Hudson graduated from Dunbar Vocational Career Academy. She has ties to both the Progressive Baptist Church, near U.S. Cellular Field, and Pleasant Gift Missionary Baptist Church. Up until a few years ago, Hudson still lived with her mother. As of 2003, Hudson's singing experience was limited to the church choir, a stint performing on a Disney cruise ship and a 2001 production of "Big River" at Lincolnshire's Marriott Theatre.

Still, Donerson encouraged her daughter to fly to Atlanta and audition for the third season of "American Idol."

She made it. In 2004, after a vigorous competition, Hudson was voted off the show in seventh place. Judge Simon Cowell was particularly cruel to her, telling her she was "out of her league" and her outfit resembled "something you should wrap a turkey in."

Hudson's resilience won out when director Bill Condon hired her for the role of Effie White in "Dreamgirls," a musical riff inspired by the career of The Supremes. Perhaps in a bit of poetic justice, Hudson beat out 781 others who auditioned for the role including, reportedly, 2004 "Idol" winner Fantasia Barrino.

Hudson has been careful not to complain about her "Idol" history and instead remained grateful for the experience.

Hudson told the Tribune she believes in God's overall plan for her. "It wasn't a big deal for her because one of her dreams had already come true," Hudson's older sister, Julia, told the Tribune in 2007. "All she wanted was for the world to hear her singing."

Hudson won both a Golden Globe and Academy Award for the performance—her first ever on film.

"She's the same Jennifer," Julia Hudson told the Tribune after her sister's Oscar win. "She wants to stop and talk to every fan she can and come home [to Chicago] every time she can."

She went on to positive reviews in "Sex in the City: The Movie" and continued to credit her success to the support of her family.
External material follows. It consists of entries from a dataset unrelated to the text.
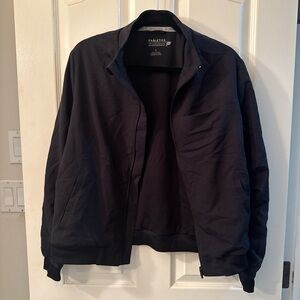 Women's Black Scrub Jacket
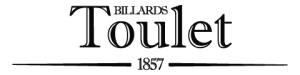 Billard Toulet logo noir
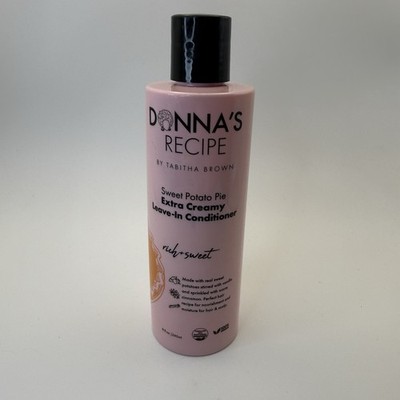 Donna's Recipe Sweet Potato Pie Extra Creamy Leave In Conditioner, 8 oz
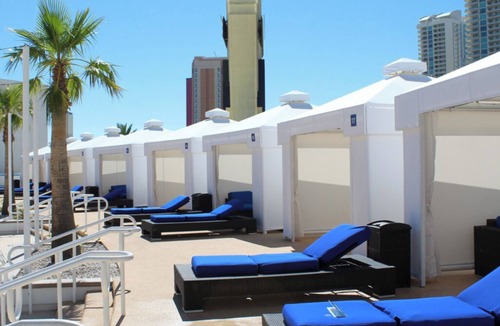 Las Vegas Villa | Charming 1-bedroom villa with jetted hot tub located in the heart of Las Vegas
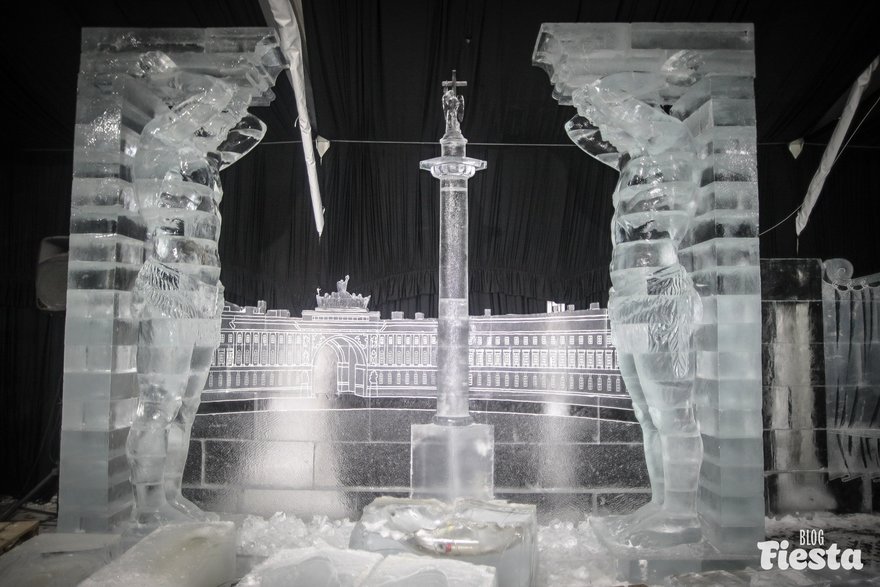 Фестиваль ледовых скульптур «КроншЛёд»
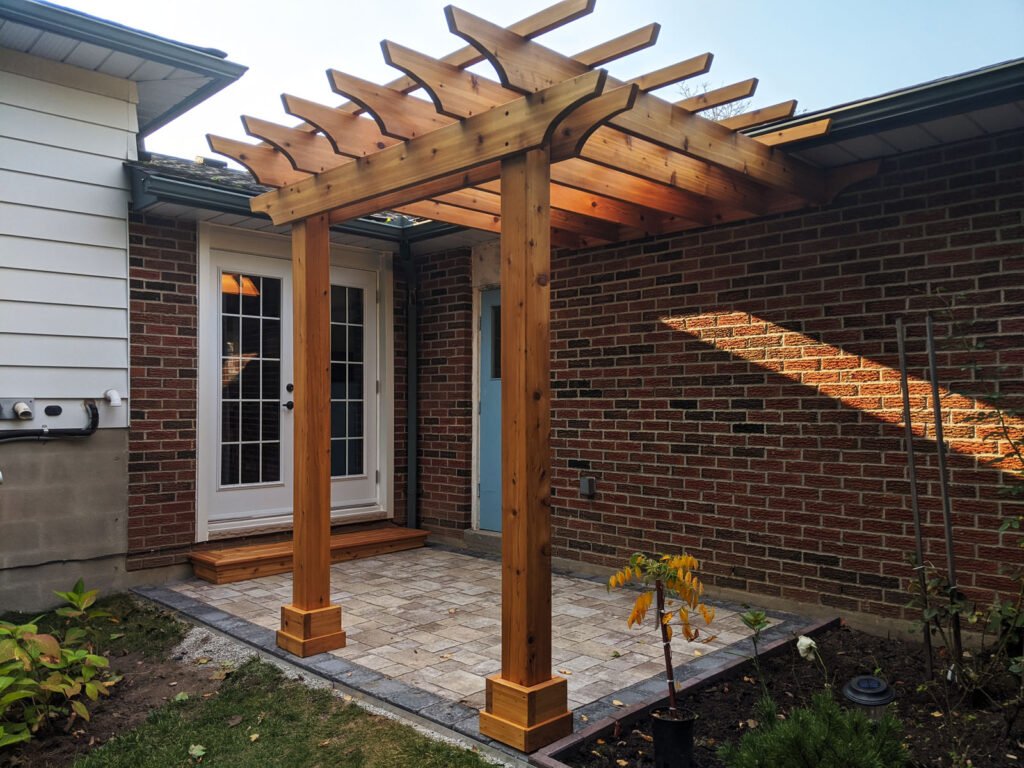 Pergola of years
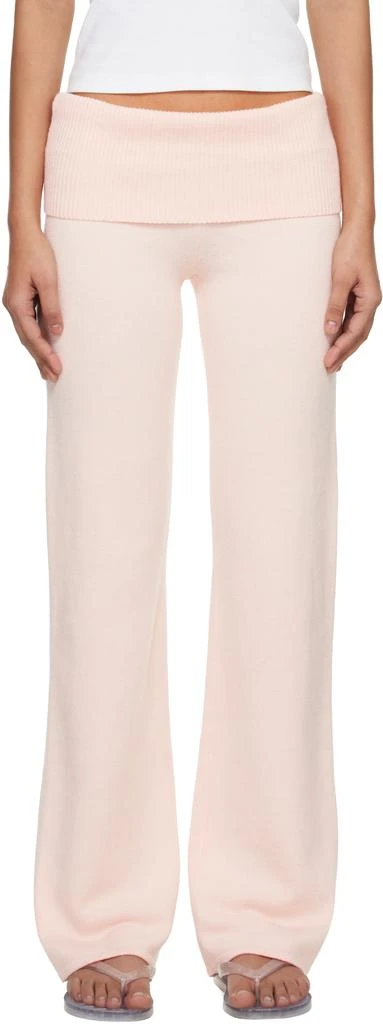 SKIMS Pink
Sweater Knits
Foldover Lounge Pants
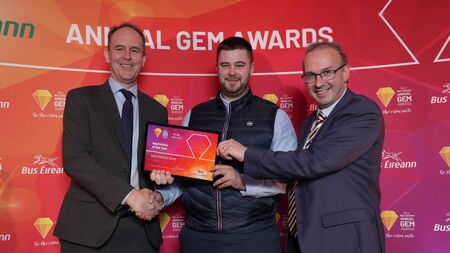 Ballina man wins Apprentice of the Year at Bus Éireann Awards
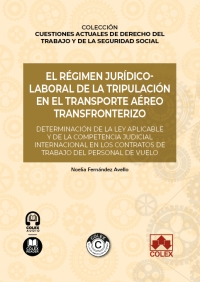 Régimen jurídico laboral tripulación/ N. Fernández/ 9788411947985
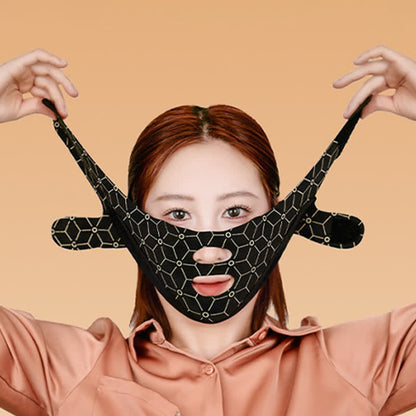 Masque facial double couche Black Gold (paquets de 3) - image 6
Hudson visited Chicago last week when she was honored at the 44th Chicago International Film Festival's Black Perspective Tribute alongside Sidney Poitier.

"Family is everything. My family is definitely what keeps me grounded," she told the Sunday Telegraph in September. "They keep things in perspective and balanced. When I'm in Chicago, my life is normal. I have to get up and make my own breakfast, and I'm told the truth. I'm very normal—it's my career that's not."